Solved – Compare two time-series

rtime series

I have two time-series from two different years and would like to statistically test whether they are different in values despite showing the same/similar trends. I'm really new to time-series analysis (and R), so please bear with me. So far, all I've done is create the actual time-series from my data and applied a simple moving average (with n=10).

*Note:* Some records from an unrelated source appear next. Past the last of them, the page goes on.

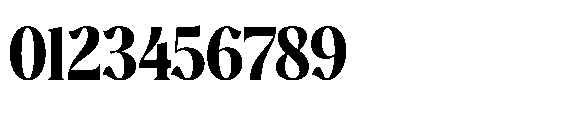 Mocha Dahlia Regular Font OTHER CHARS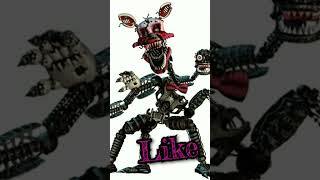 Best FNAF Mangle. #fnaf #fivenightsatfreddys #cool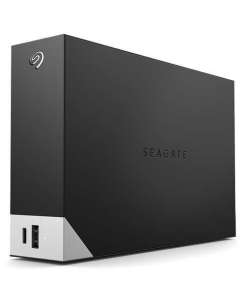 Seagate One Touch STLC16000402 external hard drive 16 TB USB Type-A / USB Type-C 3.2 Gen 1 (3.1 Gen 1) Black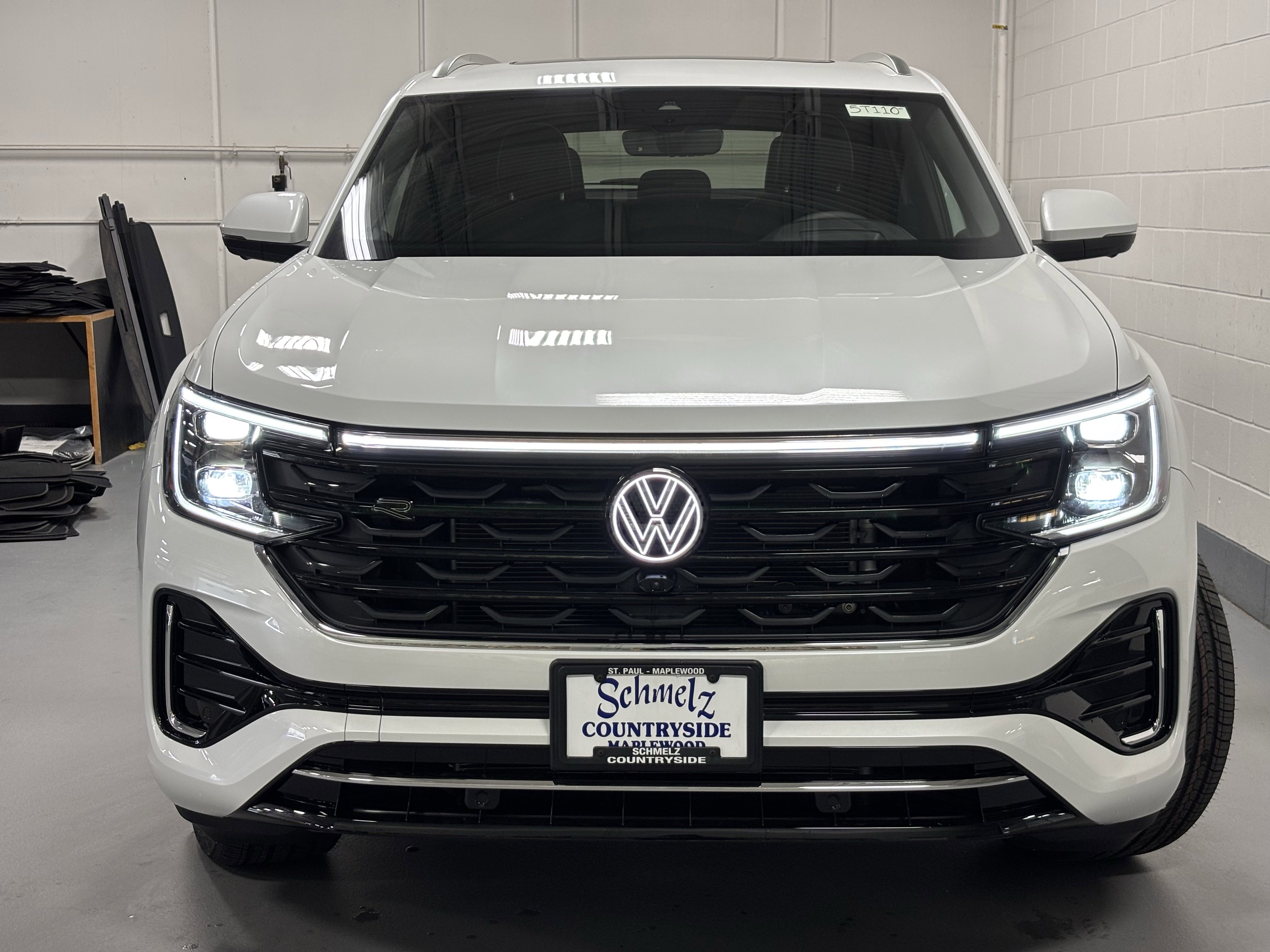 New 2026 Volkswagen Atlas Cross Sport SEL Premium R-Line AWD/4WD image 6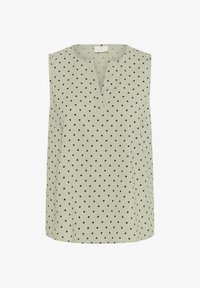 Unselected, pad black deep dot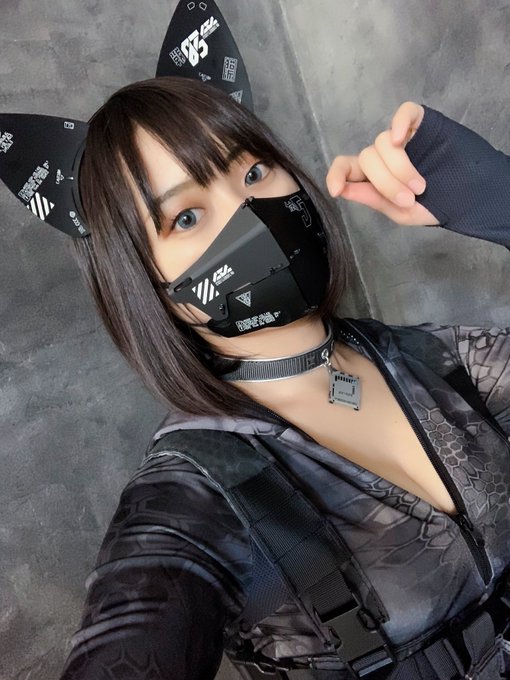 Twitterのコスプレ画像12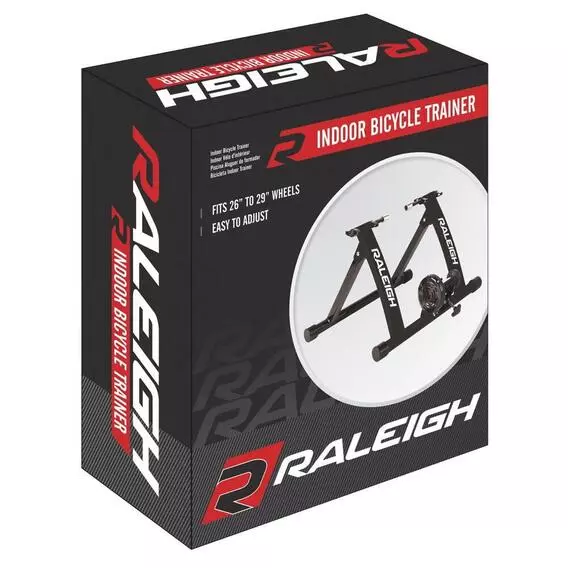 Raleigh Indoor Bicycle Trainer Black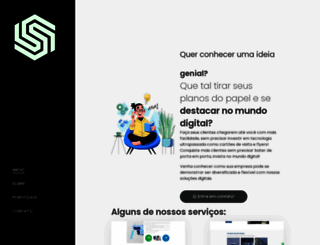 sitesgeniais.com.br screenshot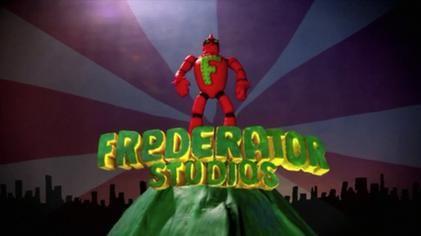 Frederator Logo - Frederator Studios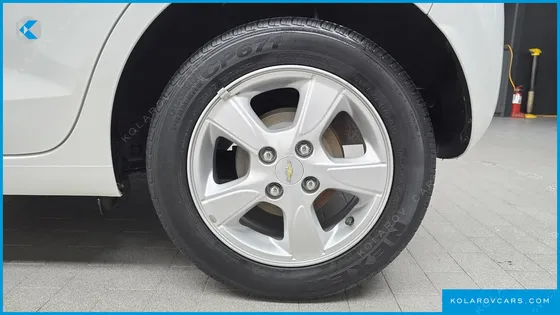 CHEVROLET (GM DAEWOO) SPARK LT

I've already searched and googled, but all I really can find are prediction models, but that's not really what I'm interested in. I'm more interested in a statistical test comparing the two (e.g. binned by month), however I'm not sure what the appropriate approach and test are.

Here is some of the code:

    k<-read.csv("~/Desktop/k.csv")
    k14<-k[,2]
    k14f<-na.fill(k14,"extend")
    k14ts<-ts(k14f, frequency=365, start=c(2014,305))
    k14tsSMA10<-SMA(k14ts, n=10)
    k15<-[,3]
    k15f<-na.fill(k15,"extend")
    k15ts<-ts(k15f, frequency=365, start=c(2015,305))
    k15tsSMA10<-SMA(k15ts, n=10)
    kSMA<-cbind(k14tsSMA10, k15tsSMA10)
    ts.plot(kSMA)

The two time-series plotted

Best Answer

You can use the Dynamic Time Warping (DTW) that is a good algorithm to find the similarity between two time series since it find the match between the time series that minimize the alignment cost. It's really easy to use and it has a lot of different variations that allow you to set (for example) local weights or just apply it to a subsequence of a time series. If you need for an R package that is ready for the use, I would suggest you to import TSdist and here you can find the documentation.